Yeah... Ellen and Porcia get to stay married.
The recent ruling of the California Supreme Court let stand the voter approved measure to deny the civil right of marriage to gay and lesbian couples.
But this is all that the courts could have done.
In re Marriage Cases deemed the California law preventing the recognition of marriage between same-sex couples unconstitutional.
But the anti-GLBT lobbyist thought that the courts had overstepped their limit of power and the measure went before the public in the hotly contested and controversial Prop.8.
After the voters decided to overturn the courts (as per the California constitution - Remember... Lex Rex (The law is king)), same-sex marriage again became illegal in the state.
The recent decision to let the couples who were married during the time it was legal, but to prevent any more marriages, is all the courts could have done.
Really, it's all the courts should have done.
So, according to the California Supreme Court, these lesbians can't get married in the state... for now.
Is that Bad?
(Okay, it's a gratuitous use of a lesbians photo here).
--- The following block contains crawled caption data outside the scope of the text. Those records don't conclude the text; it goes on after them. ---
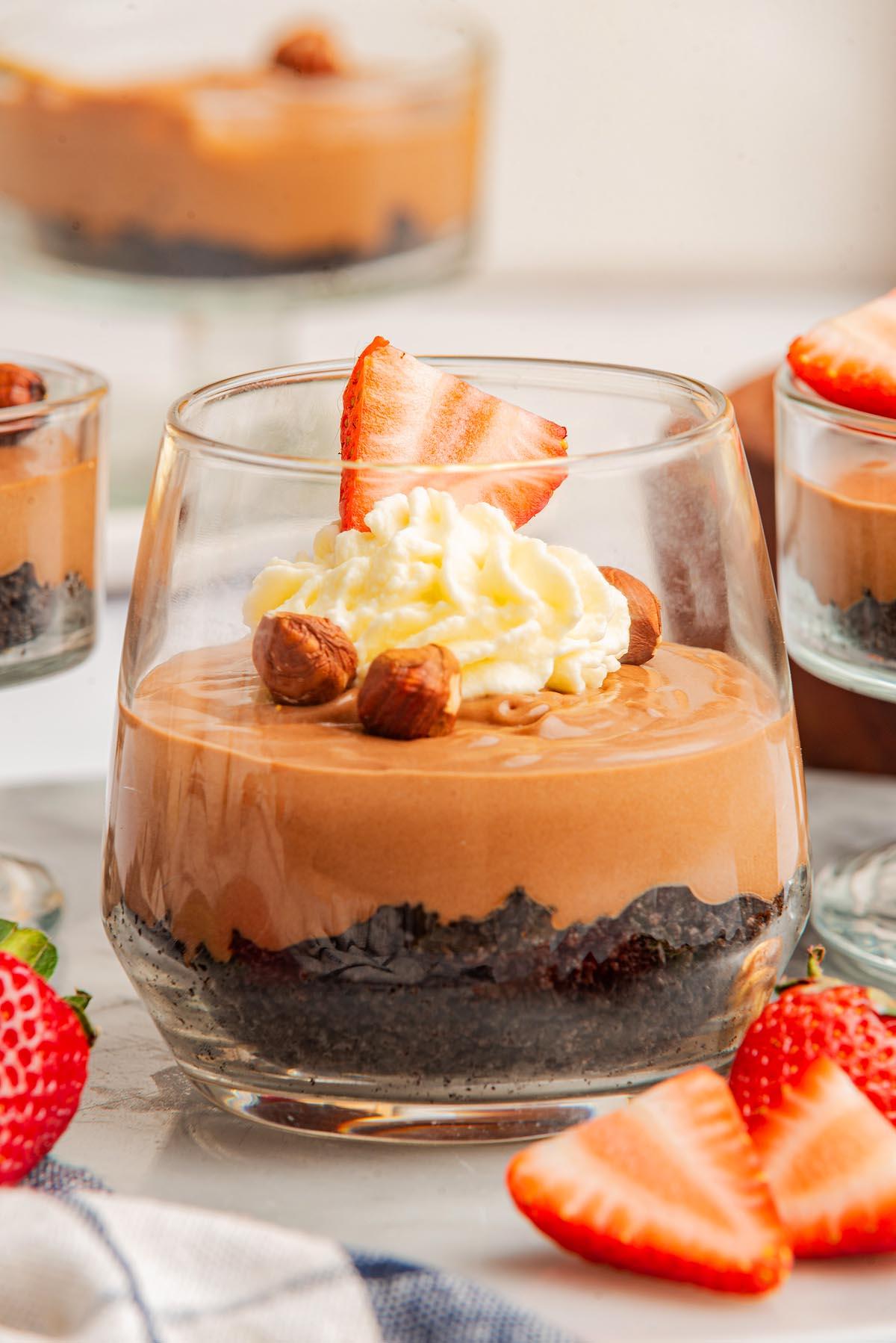Ποτηράκια μους Nutella σερβιρισμένα σε δίσκο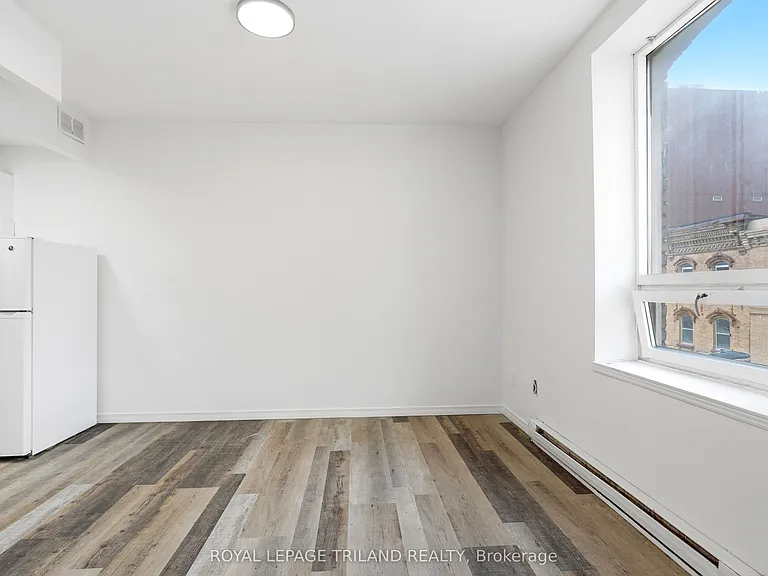 423 Richmond St #302 — Photo 7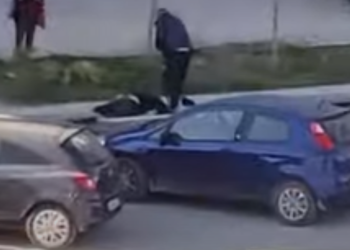 Tronditet Vlora! Ekzekutohet me armë zjarri i riu, autori ka qëlluar nga makina, PAMJET e rënda teksa viktima është i shtrirë përtokë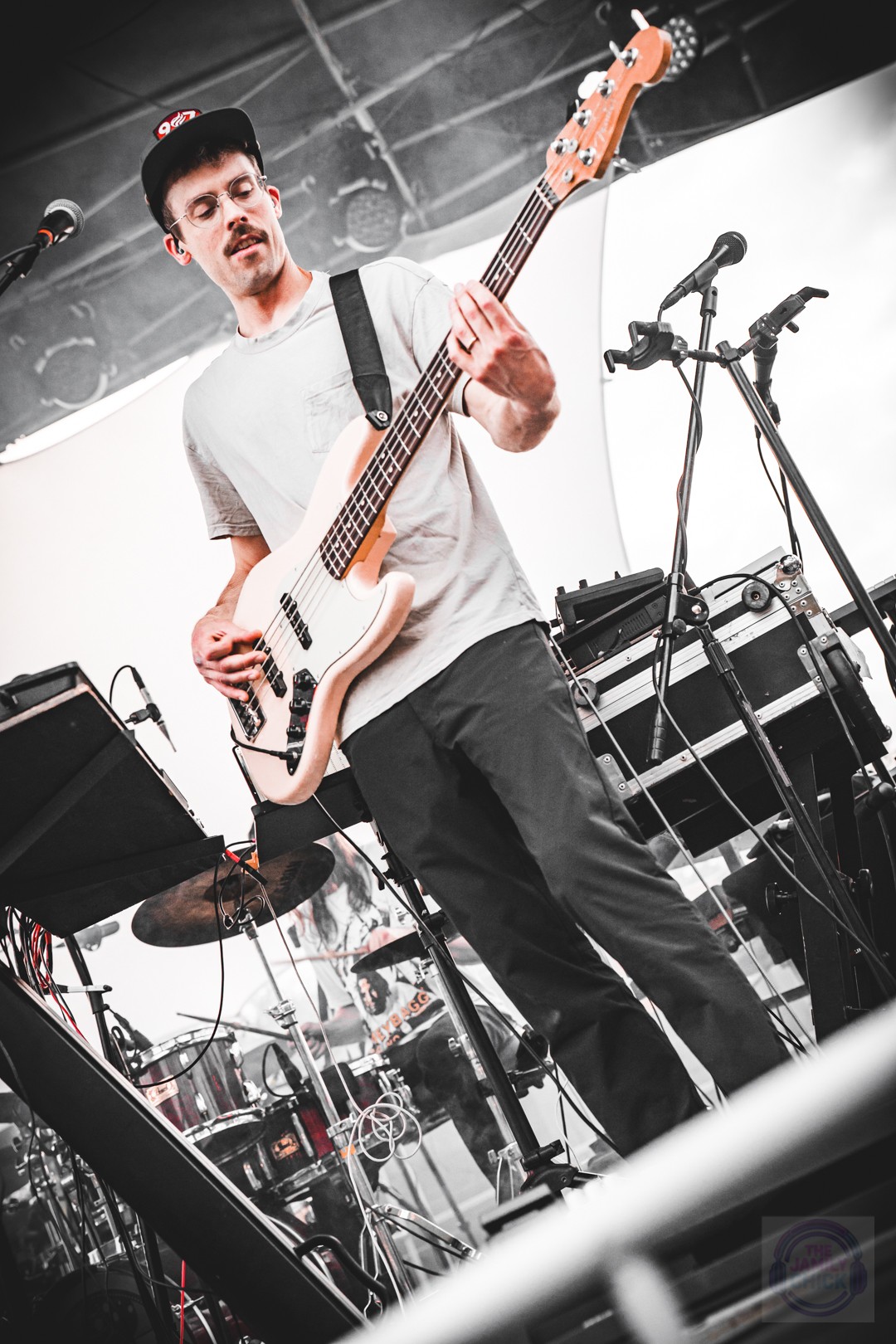 Bassist Kevin Hinnefeld | Dizgo 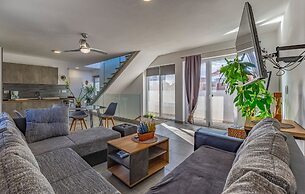 Duša - With Pool - H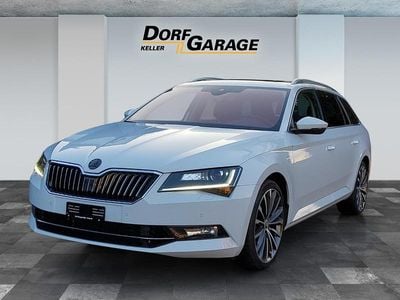 Weiss Gebraucht 2016 Skoda Superb LAURIN & KLEMENT Kombi | CHF 22’900 (Guter Preis)
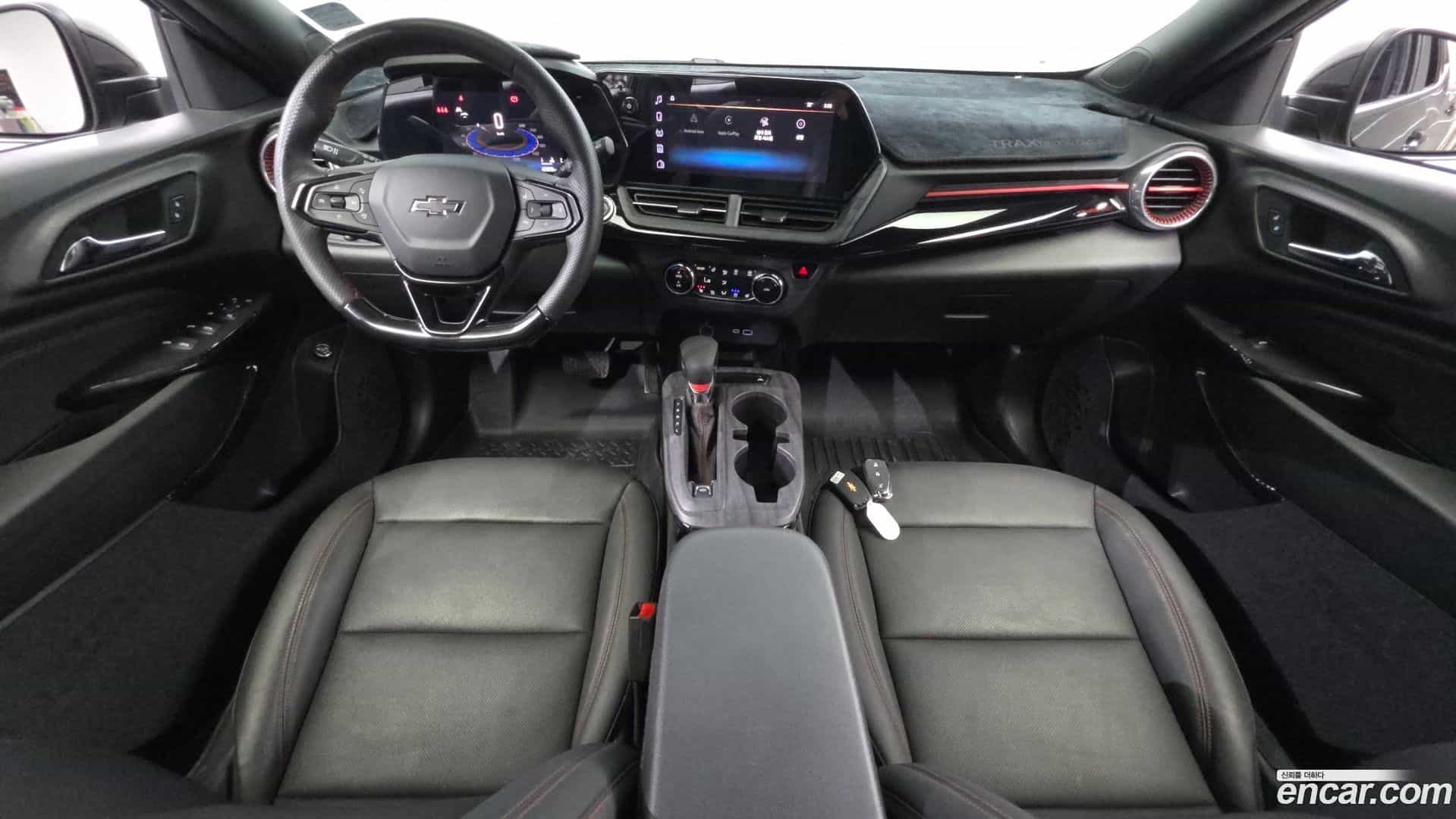 Trax Chevrolet 2023.8-INNER-007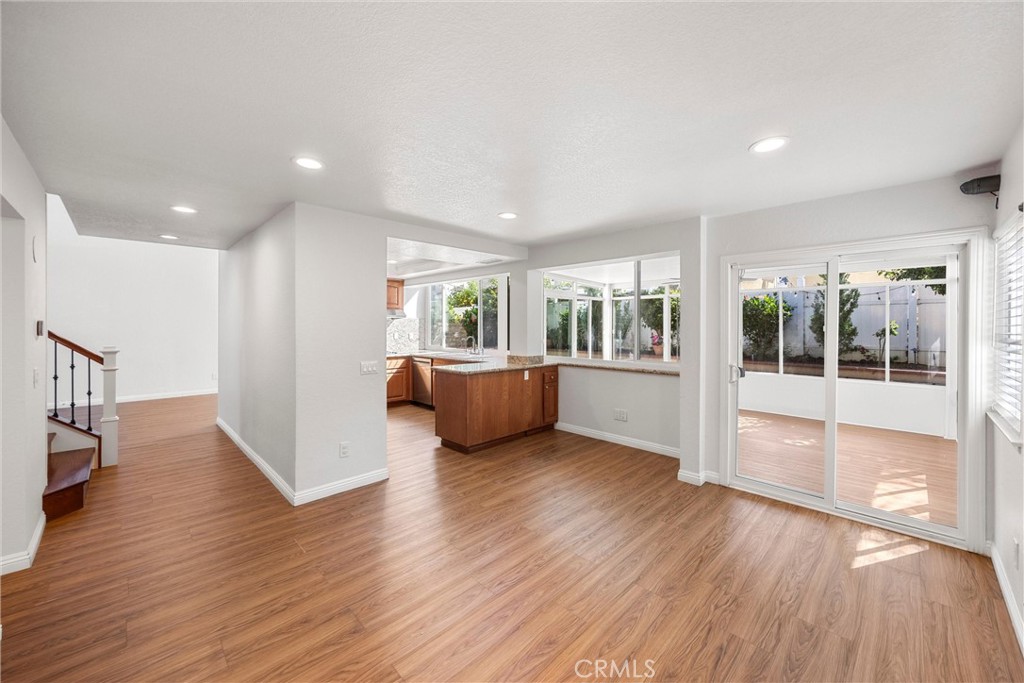371 N Brook Glen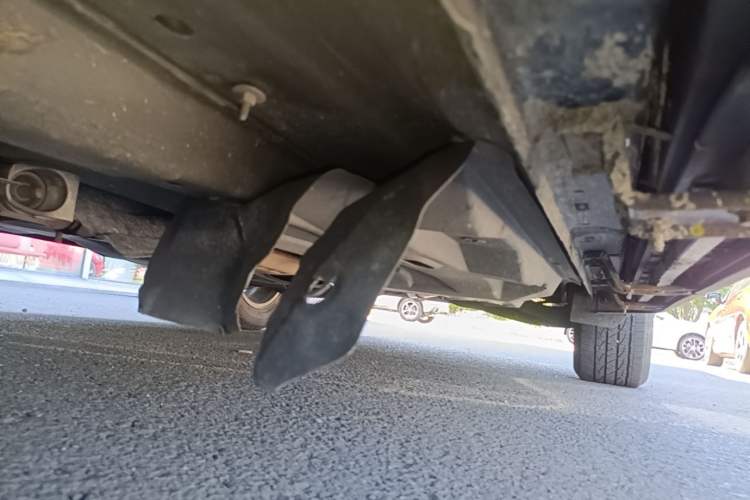Used Jeep Cherokee 2017 2.0L Superior Edition Left Side Sill
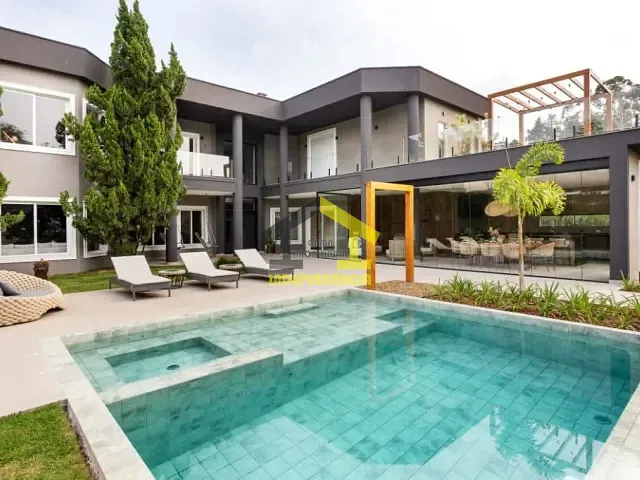 Sobrado com 1250m² 6 quartos e 8 banheiros, à venda, no bairro Tamboré em Barueri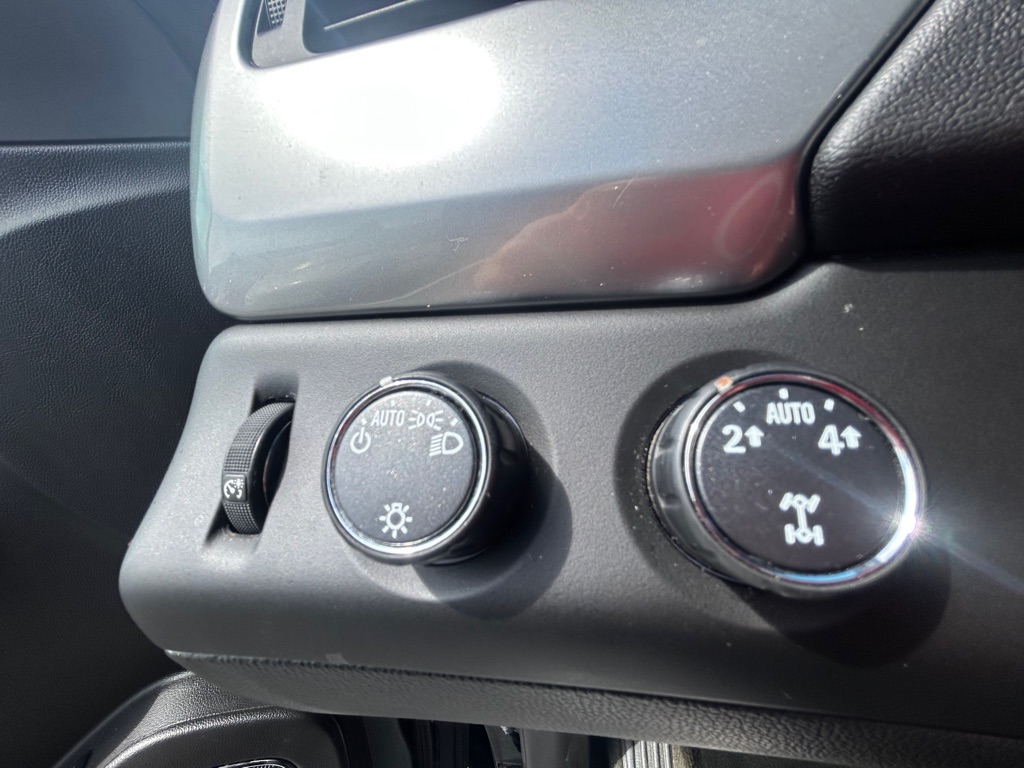 Photo 16 of this CHEVROLET TAHOE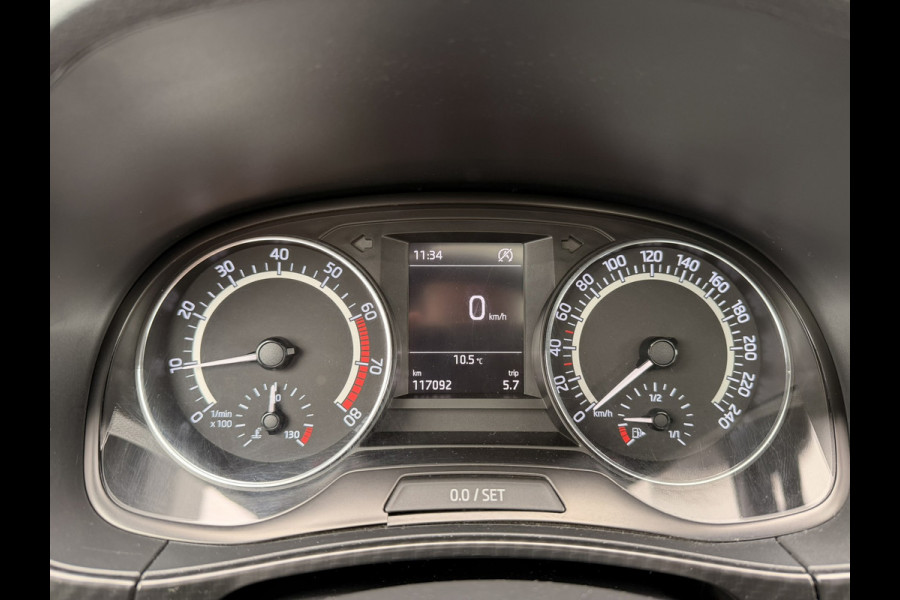 Škoda Fabia 1.0 TSI Monte Carlo Pano LED CarPlay Stoelverwarming Cruise Clima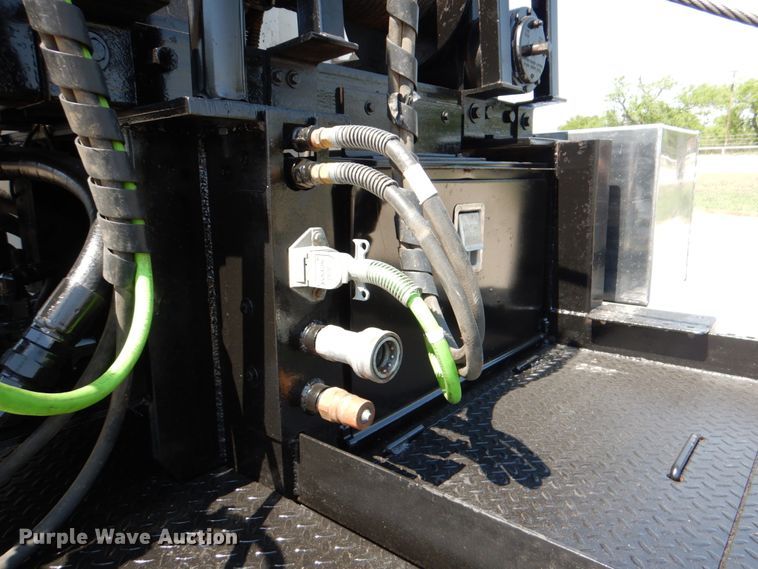 image for item DJ0771 2012 Kenworth T800  winch truck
If the courts would have ruled against Prop.8 - The time needed to sort through all of the legal wranglings would have taken up years of the process to recognize a civil right.
A civil right?
Yep - just not a Civil Right.
(IMO - The biggest problem with the marketing team at GLBT Central is in trying to make the case of same-sex marriage the same as the Civil Rights Movement of the '60s.)
Canada, Sweden, Norway, Holland, Belgium, Spain and even South Africa recognize same-sex marriage.
Afghanistan has no need - there are no gays in that country.
The states of Massachusetts, Connecticut, Iowa, Vermont (as of Sept. 1 '09), Maine (mid Sept. '09) and New Hampshire (with protection for religious institutions) all recognize same-sex marriage.
And New York recognizes same-sex marriages performed elsewhere.
California won't be far behind.
It's just that people don't like being told how they must think.
The people would rebel.
The courts made the right decision.
"Marriage is one of the "basic civil rights of man"...fundamental to our very existence and survival..." (Ruling in Loving v.)